Even as the storm grows stronger – with sustained winds now at 65 mph – there remains “higher than usual” uncertainty over its track and intensity, according to the National Hurricane Center.

The storm is forecast to become a hurricane Monday and strengthen to a major hurricane of Category 3 or higher by Tuesday, the center said.

lan is forecast to grow to hurricane strength when it nears western Cuba Monday morning, potentially reaching Category 2 strength when it makes landfall. “Life-threatening” storm surge and hurricane-force winds are expected, the center said. “Efforts to protect life and property should be rushed to completion,” forecasters added.

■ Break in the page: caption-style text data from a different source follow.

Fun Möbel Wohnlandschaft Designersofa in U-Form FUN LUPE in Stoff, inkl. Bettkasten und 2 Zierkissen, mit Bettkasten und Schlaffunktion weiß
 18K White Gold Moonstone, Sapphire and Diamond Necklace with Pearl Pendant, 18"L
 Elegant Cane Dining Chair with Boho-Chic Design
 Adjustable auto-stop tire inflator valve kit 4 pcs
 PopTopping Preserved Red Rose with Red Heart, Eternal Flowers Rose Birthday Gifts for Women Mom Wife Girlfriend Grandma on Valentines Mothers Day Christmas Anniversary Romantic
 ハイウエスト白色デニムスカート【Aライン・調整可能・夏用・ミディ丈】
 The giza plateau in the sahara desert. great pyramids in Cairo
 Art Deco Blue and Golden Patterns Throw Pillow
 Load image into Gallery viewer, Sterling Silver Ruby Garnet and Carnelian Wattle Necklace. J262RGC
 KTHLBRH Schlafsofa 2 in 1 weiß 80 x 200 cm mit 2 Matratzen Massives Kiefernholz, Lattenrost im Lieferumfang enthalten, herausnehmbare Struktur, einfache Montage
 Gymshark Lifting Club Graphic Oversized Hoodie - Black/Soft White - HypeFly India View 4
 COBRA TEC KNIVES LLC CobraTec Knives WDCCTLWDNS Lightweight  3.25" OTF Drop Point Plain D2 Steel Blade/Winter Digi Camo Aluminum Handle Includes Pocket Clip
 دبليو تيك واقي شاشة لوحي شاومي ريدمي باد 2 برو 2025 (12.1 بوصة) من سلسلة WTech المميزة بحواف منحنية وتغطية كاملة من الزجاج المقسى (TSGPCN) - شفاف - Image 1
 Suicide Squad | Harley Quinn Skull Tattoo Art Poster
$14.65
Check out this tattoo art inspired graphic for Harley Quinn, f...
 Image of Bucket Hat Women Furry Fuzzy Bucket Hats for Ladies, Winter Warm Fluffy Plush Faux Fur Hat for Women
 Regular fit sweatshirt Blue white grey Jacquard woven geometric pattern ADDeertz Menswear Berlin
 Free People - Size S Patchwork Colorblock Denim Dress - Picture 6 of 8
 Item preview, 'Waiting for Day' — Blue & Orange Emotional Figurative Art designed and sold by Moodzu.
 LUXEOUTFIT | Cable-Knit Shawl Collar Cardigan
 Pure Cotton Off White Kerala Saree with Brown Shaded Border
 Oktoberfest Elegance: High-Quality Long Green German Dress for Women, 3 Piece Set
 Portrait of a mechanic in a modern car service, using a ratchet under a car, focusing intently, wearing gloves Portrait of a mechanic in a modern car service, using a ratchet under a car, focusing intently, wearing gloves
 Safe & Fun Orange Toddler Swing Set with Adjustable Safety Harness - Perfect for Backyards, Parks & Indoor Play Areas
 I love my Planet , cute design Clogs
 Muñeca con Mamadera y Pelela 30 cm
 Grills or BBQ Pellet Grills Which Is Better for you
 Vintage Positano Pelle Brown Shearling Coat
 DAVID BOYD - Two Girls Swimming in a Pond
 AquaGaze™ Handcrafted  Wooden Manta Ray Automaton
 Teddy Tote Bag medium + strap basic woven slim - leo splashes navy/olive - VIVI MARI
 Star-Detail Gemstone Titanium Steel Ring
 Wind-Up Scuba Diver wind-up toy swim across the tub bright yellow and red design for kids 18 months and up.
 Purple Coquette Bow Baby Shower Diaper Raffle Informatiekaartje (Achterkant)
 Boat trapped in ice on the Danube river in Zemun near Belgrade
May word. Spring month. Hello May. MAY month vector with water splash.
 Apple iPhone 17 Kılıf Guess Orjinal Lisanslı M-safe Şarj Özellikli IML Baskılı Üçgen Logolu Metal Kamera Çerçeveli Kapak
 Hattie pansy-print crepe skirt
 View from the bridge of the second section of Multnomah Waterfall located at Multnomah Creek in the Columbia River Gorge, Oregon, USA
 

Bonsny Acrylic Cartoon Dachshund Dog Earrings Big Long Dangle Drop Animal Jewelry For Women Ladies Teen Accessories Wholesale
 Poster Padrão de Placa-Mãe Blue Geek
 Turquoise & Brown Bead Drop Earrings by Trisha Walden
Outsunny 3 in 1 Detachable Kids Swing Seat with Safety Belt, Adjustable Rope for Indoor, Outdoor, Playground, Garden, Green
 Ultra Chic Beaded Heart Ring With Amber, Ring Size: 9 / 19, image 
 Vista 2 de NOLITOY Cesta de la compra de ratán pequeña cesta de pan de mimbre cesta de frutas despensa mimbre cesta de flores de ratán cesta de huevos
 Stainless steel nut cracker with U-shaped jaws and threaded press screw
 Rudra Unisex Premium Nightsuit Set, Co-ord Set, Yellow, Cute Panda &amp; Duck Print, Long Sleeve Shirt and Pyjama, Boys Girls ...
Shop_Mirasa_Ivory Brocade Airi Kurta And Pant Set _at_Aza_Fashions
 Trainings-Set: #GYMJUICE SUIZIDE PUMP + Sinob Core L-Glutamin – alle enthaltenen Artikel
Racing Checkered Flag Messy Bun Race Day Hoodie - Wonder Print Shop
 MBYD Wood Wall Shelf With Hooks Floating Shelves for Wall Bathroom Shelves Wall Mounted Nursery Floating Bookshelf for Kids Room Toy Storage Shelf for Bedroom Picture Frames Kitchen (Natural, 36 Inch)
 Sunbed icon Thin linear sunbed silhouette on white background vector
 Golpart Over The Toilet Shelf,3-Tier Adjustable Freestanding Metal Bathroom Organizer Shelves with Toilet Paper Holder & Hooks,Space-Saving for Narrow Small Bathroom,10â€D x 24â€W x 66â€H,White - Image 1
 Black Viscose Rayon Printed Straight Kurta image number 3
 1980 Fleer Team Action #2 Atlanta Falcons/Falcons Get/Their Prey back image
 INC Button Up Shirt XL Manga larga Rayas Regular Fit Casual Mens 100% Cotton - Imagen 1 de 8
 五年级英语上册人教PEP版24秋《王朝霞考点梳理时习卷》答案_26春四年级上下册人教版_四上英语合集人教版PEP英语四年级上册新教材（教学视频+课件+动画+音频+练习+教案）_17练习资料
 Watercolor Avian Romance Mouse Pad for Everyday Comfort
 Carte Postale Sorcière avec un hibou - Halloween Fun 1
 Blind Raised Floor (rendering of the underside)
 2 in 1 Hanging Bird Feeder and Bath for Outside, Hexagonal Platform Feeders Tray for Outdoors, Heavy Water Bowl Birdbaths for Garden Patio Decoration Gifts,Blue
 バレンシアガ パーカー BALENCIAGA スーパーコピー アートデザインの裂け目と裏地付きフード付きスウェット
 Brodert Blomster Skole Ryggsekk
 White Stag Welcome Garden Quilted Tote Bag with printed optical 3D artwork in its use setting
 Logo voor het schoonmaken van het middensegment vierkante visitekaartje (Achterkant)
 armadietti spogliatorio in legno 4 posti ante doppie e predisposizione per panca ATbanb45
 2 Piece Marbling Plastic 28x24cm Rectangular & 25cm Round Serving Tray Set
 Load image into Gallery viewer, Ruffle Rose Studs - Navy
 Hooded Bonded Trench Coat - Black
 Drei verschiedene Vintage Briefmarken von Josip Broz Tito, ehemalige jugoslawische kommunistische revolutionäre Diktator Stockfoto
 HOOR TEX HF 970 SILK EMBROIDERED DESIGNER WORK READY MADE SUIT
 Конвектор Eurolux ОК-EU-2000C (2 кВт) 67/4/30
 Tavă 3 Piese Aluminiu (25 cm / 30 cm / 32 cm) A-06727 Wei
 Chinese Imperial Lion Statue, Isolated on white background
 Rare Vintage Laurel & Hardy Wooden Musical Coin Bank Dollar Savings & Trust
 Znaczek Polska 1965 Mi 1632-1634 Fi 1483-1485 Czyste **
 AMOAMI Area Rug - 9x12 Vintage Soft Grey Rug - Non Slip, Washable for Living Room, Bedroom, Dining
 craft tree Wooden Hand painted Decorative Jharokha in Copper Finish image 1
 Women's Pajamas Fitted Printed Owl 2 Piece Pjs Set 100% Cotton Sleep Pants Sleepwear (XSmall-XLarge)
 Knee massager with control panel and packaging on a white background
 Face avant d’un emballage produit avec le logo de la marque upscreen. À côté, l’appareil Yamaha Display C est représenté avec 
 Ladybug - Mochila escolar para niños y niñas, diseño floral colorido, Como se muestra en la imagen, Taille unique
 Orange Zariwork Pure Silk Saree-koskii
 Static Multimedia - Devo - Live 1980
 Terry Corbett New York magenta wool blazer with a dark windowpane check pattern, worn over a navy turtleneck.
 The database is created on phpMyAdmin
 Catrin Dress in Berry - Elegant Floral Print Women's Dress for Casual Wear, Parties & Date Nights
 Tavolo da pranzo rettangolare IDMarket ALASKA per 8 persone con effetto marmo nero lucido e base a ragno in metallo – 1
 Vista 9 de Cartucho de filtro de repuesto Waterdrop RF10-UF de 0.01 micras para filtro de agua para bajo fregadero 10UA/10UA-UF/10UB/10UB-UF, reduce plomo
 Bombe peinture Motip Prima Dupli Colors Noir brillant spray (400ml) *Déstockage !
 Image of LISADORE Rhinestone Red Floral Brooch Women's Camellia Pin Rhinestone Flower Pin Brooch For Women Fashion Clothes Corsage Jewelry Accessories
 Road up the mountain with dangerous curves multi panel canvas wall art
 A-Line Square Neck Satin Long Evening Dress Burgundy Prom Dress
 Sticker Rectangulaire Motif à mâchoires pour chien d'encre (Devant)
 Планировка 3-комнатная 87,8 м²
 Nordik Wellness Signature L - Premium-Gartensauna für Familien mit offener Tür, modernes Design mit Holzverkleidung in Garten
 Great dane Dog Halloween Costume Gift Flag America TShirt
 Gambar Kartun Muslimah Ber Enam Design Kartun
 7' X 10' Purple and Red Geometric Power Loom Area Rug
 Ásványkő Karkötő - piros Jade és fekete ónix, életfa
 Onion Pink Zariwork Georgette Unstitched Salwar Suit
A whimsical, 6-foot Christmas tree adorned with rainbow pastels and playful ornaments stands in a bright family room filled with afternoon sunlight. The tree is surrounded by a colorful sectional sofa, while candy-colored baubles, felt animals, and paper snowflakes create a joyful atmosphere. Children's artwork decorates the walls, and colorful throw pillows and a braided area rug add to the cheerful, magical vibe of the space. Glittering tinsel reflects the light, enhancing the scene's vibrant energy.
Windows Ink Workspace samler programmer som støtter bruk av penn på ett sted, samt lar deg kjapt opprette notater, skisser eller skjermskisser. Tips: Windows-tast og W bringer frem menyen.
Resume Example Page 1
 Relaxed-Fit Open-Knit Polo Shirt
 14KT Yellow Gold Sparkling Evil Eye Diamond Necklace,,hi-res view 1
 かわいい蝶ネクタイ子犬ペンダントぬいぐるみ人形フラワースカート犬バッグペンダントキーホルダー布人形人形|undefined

The storm is expected to produce “heavy rainfall, flash flooding, and possible mudslides” in areas of higher terrain, particularly over Jamaica and Cuba.

Models project different scenarios about where it could make landfall in Florida, and how strong it could be by midweek. As of Sunday, meteorologists predicted the storm will peak at Category 4 strength over the eastern Gulf of Mexico, then weaken before reaching Florida.

Regardless of lan’s exact track and intensity, Floridians are being asked to prepare as they face the risk of dangerous storm surge, strong winds, and heavy rainfall along the west coast and the Florida Panhandle, the hurricane center said.

With flash and urban flooding possible across the Florida Keys and the Florida Peninsula through the middle of the week, a tropical storm warning was issued for the lower Florida Keys from Seven Mile Bridge southward to Key West.

Tropical Storm Ian is seen near the coast of Cuba in this satellite image taken September 25, 2022.

Florida Gov. Ron DeSantis activated the National Guard Sunday morning, saying though the path of the storm is still uncertain, the impacts will be broadly felt throughout the state. State and federal disaster declarations were made over the weekend.

One model is projecting Ian to make landfall in the Tampa Bay region while another model is projecting landfall into the Panhandle, DeSantis said.

“Everyone in Florida is going to feel the impacts of the storm,” director of Florida’s Division of Emergency Management, Kevin Guthrie, told CNN Sunday.

A major concern is how quickly the storm can intensify, stressed Jason Dunion, director of NOAA’s hurricane research field program.

“The storm can increase in speed 35 miles per hour in one day,” Dunion said. “You can go from a tropical storm to a Category 1, or Category 1 to a Category 3 in just that 24-hour period. That makes it especially important for folks to pay attention to this storm the next couple of days.”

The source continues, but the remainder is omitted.